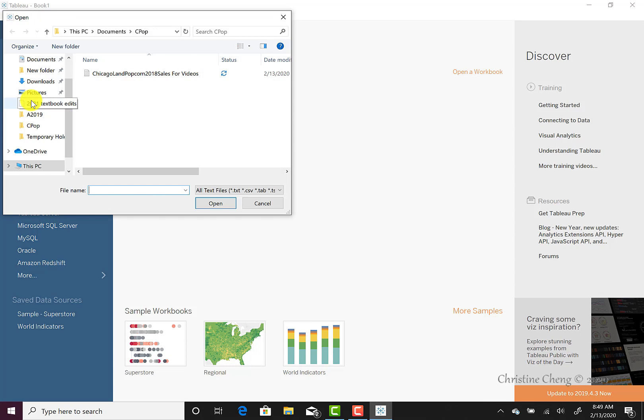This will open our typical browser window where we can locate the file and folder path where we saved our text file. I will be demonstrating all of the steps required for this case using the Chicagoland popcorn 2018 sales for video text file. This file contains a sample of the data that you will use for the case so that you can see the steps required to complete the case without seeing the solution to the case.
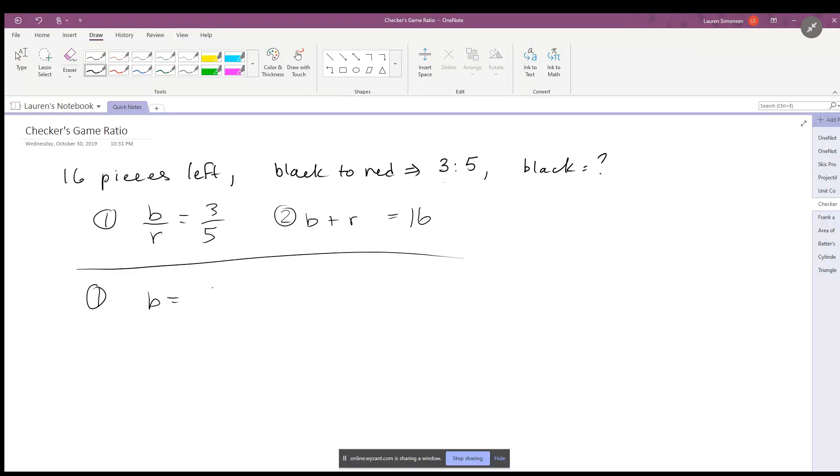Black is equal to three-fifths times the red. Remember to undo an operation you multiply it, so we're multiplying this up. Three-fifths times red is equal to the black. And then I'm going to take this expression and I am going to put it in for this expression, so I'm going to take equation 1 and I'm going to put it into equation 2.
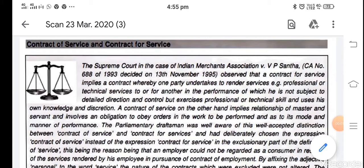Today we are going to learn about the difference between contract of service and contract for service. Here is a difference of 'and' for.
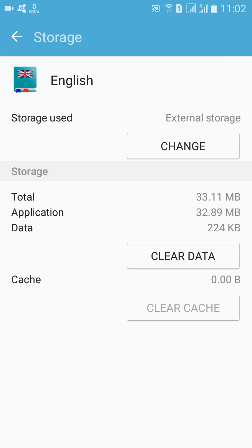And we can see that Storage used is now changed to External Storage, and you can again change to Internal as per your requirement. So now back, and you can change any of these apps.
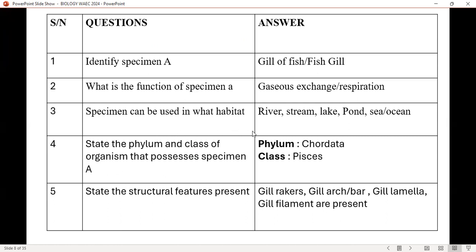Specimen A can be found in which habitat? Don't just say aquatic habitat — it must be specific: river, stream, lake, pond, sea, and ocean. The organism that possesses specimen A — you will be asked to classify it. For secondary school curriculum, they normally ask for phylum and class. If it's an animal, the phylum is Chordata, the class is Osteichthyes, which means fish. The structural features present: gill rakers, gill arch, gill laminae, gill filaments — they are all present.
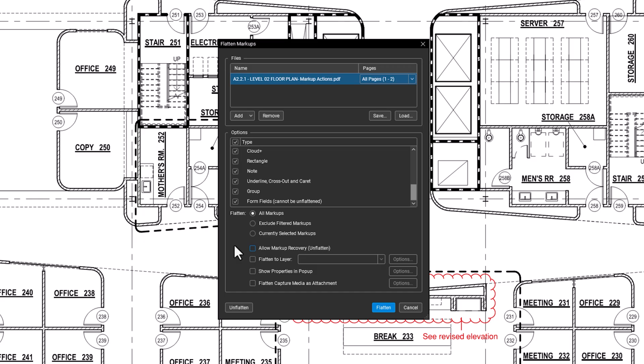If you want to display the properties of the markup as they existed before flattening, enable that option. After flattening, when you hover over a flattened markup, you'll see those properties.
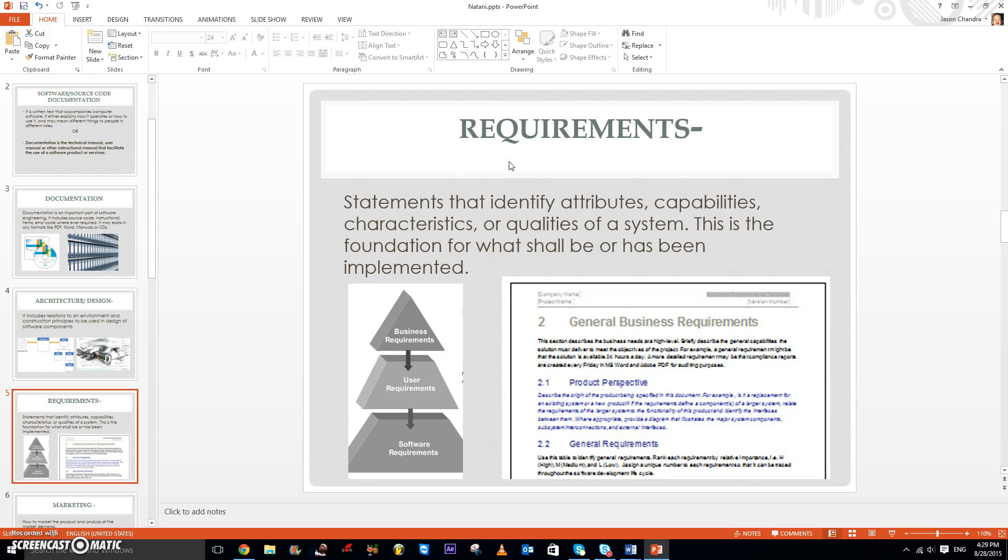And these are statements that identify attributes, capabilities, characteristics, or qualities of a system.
******************************
- Aim of the exercise: Apart from the images, retype the full material exactly as written.

- Answer to this exercise:
This will open our typical browser window where we can locate the file and folder path where we saved our text file. I will be demonstrating all of the steps required for this case using the Chicagoland popcorn 2018 sales for video text file. This file contains a sample of the data that you will use for the case so that you can see the steps required to complete the case without seeing the solution to the case.
Black is equal to three-fifths times the red. Remember to undo an operation you multiply it, so we're multiplying this up. Three-fifths times red is equal to the black. And then I'm going to take this expression and I am going to put it in for this expression, so I'm going to take equation 1 and I'm going to put it into equation 2.
Today we are going to learn about the difference between contract of service and contract for service. Here is a difference of 'and' for.
And we can see that Storage used is now changed to External Storage, and you can again change to Internal as per your requirement. So now back, and you can change any of these apps.
Specimen A can be found in which habitat? Don't just say aquatic habitat — it must be specific: river, stream, lake, pond, sea, and ocean. The organism that possesses specimen A — you will be asked to classify it. For secondary school curriculum, they normally ask for phylum and class. If it's an animal, the phylum is Chordata, the class is Osteichthyes, which means fish. The structural features present: gill rakers, gill arch, gill laminae, gill filaments — they are all present.
If you want to display the properties of the markup as they existed before flattening, enable that option. After flattening, when you hover over a flattened markup, you'll see those properties.
And these are statements that identify attributes, capabilities, characteristics, or qualities of a system.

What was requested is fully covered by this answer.